** Opening Data in this exercise block **

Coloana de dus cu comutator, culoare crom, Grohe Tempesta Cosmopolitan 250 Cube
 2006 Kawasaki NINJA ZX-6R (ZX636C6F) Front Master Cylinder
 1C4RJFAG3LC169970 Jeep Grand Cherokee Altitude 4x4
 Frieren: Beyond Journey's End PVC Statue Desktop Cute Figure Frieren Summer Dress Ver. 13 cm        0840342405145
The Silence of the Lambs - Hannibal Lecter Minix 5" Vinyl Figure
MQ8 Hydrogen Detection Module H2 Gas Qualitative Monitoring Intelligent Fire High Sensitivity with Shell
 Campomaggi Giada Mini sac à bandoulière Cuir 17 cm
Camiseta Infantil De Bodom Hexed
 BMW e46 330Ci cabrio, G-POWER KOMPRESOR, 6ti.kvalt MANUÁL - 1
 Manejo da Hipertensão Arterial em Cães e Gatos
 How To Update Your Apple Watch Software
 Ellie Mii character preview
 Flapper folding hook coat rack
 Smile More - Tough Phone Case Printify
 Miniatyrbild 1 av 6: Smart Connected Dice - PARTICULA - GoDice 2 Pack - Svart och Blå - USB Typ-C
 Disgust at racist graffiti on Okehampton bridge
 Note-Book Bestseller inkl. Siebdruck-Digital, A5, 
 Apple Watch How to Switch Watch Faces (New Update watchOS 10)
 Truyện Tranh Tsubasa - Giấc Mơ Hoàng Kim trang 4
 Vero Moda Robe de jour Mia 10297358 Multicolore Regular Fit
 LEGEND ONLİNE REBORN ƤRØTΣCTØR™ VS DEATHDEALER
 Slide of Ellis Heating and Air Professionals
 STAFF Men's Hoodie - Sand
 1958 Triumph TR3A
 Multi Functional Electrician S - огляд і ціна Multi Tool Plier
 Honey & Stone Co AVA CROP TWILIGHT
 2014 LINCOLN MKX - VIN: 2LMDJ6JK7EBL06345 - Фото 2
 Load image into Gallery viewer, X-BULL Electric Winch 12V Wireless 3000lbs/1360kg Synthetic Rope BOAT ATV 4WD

** Closing Data in this exercise block **

Copy word for word the stretch of entries above from the line that has "Ellie Mii character preview" through the line that has "Multi Functional Electrician", both ends included, and nothing outside it.

Answer section:
 Ellie Mii character preview
 Flapper folding hook coat rack
 Smile More - Tough Phone Case Printify
 Miniatyrbild 1 av 6: Smart Connected Dice - PARTICULA - GoDice 2 Pack - Svart och Blå - USB Typ-C
 Disgust at racist graffiti on Okehampton bridge
 Note-Book Bestseller inkl. Siebdruck-Digital, A5, 
 Apple Watch How to Switch Watch Faces (New Update watchOS 10)
 Truyện Tranh Tsubasa - Giấc Mơ Hoàng Kim trang 4
 Vero Moda Robe de jour Mia 10297358 Multicolore Regular Fit
 LEGEND ONLİNE REBORN ƤRØTΣCTØR™ VS DEATHDEALER
 Slide of Ellis Heating and Air Professionals
 STAFF Men's Hoodie - Sand
 1958 Triumph TR3A
 Multi Functional Electrician S - огляд і ціна Multi Tool Plier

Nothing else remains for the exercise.